* _TASK_
Leave out pictures; repeat exactly the lines from the "パシフィック白木原 その他10" line through the last of the data below.

* _DATASET RECORDS_

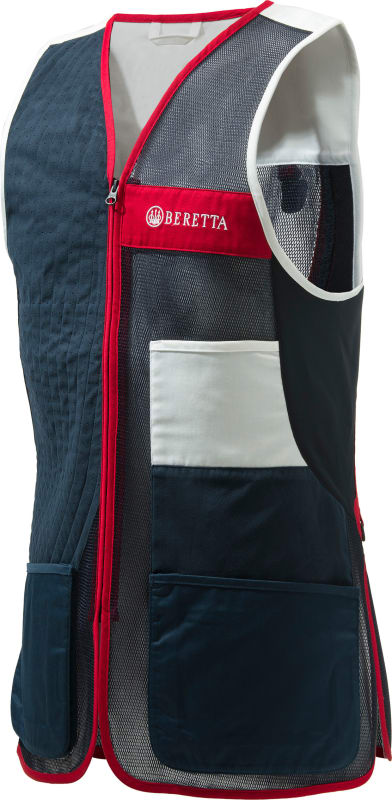 Beretta Men’s Uniform Pro 20.20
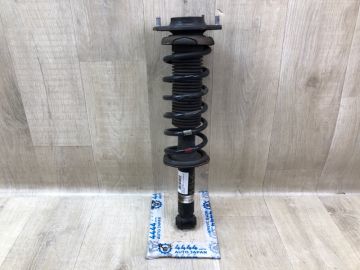 Амортизатор задній SUBARU CROSSTREK 12-17
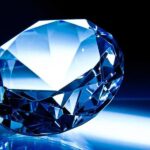 «ԴԱՐԻ ԿՈՂՈՊՈՒՏ»-Ը ( ԱՆՏՎԵՐՊԵՆ 2003 ) / ԻՆՉՈՒ՞ Է ԿՈՉՎԵԼ «ԴԱՐԻ ԿՈՂՈՊՈՒՏ»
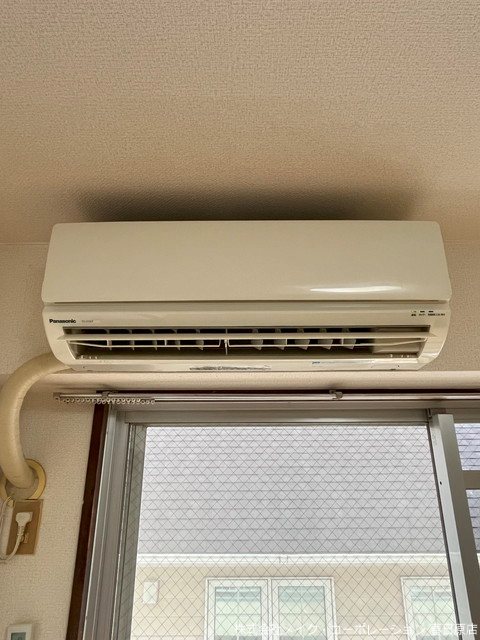 パシフィック白木原 その他10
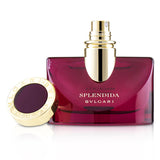 Bvlgari Splendida Magnolia Sensuel Eau De Parfum Spray  30ml/1oz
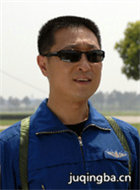 ӥ�������Ա��_ȫ����Ա�������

* _REPLY TO THE EXERCISE_
 パシフィック白木原 その他10
 Bvlgari Splendida Magnolia Sensuel Eau De Parfum Spray  30ml/1oz
 ӥ�������Ա��_ȫ����Ա�������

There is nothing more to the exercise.